Home buyers not put off by 15 per cent interest

44 years ago
Duration 2:09
Mortgages of 15 per cent aren't high enough to scare off home buyers in 1981.
News anchor in front of graphic reading 17.08%
A high bank rate meant high mortgage rates for home buyers in 1981. (CBC Archives/The National)

Good news: the bank rate had gone down. 

Bad news: it was a marginal decline.

Worse news: the new rate was 17.08 per cent.

That was still great news for savings and investments in February 1981, but not for anyone looking to borrow money.

"There will be no relief from 15 and 16 per cent mortgages, either," said George McLean, host of CBC's The National.

Woman in fur coat
"What are you going to do?" asked loan officer and prospective home buyer Carey Halavin. "You have to accept it." (CBC Archives/The National)

But, as reporter Fred Langan found, those high rates didn't seem to be frightening home buyers.

Carey Halavin and her husband sold a house in the suburbs of Toronto to buy one closer to the core.

'It bothers you'

"If you have to buy a house and that's what the mortgage rates are, what are you going to do?" she asked. "You have to accept it."

She should know: she worked as a loan officer for a bank.

"It bothers you," she added. "The payments are high but you can't do anything else. Those are the rates."

Woman wearing turtleneck and Fair Isle sweater
"I don't think people think that we'll ever see 12, 11 [per cent mortgages] again," said real estate agent Di-Lin Baker. (CBC Archives/The National)

Langan then broke down the math. At 10 per cent interest — by then a figure of nostalgia not seen since July 1978 — a $50,000 mortgage cost $447 per month in payments.

At 15 per cent, those payments went up to $623.  

'They don't pay attention to the rate'

But it didn't seem to matter, according to real estate agent Di-Lin Baker. 

"They just decide that they have to buy a house and they don't pay attention to the rate," she said. "Or they buy a less expensive house."

She agreed that people had come to accept mortgages of 15 per cent.

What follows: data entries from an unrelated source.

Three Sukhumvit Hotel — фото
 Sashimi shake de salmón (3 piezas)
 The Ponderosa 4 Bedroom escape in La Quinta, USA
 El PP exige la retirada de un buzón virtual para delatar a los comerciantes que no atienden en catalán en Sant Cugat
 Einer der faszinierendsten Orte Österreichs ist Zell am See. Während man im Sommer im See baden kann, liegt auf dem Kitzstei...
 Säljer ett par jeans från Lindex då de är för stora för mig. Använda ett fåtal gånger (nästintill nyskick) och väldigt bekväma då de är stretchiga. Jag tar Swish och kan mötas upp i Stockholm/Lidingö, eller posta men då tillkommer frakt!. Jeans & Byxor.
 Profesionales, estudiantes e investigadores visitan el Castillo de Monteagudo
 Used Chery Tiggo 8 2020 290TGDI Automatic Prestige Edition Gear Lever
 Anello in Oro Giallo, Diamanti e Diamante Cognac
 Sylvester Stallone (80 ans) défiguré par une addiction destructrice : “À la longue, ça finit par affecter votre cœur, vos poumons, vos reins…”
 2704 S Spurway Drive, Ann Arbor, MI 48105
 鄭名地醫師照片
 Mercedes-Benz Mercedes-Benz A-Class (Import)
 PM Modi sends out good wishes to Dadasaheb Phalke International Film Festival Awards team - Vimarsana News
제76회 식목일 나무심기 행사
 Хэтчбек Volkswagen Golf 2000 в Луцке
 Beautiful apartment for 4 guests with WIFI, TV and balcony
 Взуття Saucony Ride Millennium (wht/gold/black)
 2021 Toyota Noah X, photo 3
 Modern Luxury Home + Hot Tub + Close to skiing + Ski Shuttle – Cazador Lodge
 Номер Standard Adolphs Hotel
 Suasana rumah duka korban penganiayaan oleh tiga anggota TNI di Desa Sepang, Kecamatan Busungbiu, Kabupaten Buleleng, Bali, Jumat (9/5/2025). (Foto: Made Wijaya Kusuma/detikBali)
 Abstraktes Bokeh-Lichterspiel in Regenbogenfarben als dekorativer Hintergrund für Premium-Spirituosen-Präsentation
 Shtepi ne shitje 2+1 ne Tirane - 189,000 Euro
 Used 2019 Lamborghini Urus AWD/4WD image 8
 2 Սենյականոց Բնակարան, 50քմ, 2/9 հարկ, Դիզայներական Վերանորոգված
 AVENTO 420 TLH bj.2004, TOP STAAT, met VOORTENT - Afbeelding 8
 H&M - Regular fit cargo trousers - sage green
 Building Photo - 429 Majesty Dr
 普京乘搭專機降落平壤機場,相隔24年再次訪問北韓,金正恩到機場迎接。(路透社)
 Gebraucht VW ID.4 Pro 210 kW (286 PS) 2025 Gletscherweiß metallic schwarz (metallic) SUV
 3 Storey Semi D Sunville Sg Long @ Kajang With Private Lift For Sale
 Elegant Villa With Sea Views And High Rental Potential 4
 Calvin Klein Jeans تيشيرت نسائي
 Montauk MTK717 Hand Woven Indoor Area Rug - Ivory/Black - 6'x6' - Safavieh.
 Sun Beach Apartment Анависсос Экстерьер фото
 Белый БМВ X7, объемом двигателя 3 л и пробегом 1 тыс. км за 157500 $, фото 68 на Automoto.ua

Man standing in parking lot near CN Tower
Reporter Fred Langan found that Canadians had learned to live with high interest rates of 15 or 16 per cent. (CBC Archives/The National)

"I don't think people think that we'll ever see 12, 11 [per cent] again," she said. "Maybe not even 13."

It wouldn't be until November of 1983 that mortgage rates would drop below 13 per cent; it was May 1986 before they dipped to less than 11 per cent.

Langan, standing in a parking lot in downtown Toronto with the CN Tower over his shoulder, said the mortgage market had dried up when rates first shot up a year earlier. 

"But now that has changed," said Langan. "That means Canadians have learned to live — and pay for — inflation and high interest rates."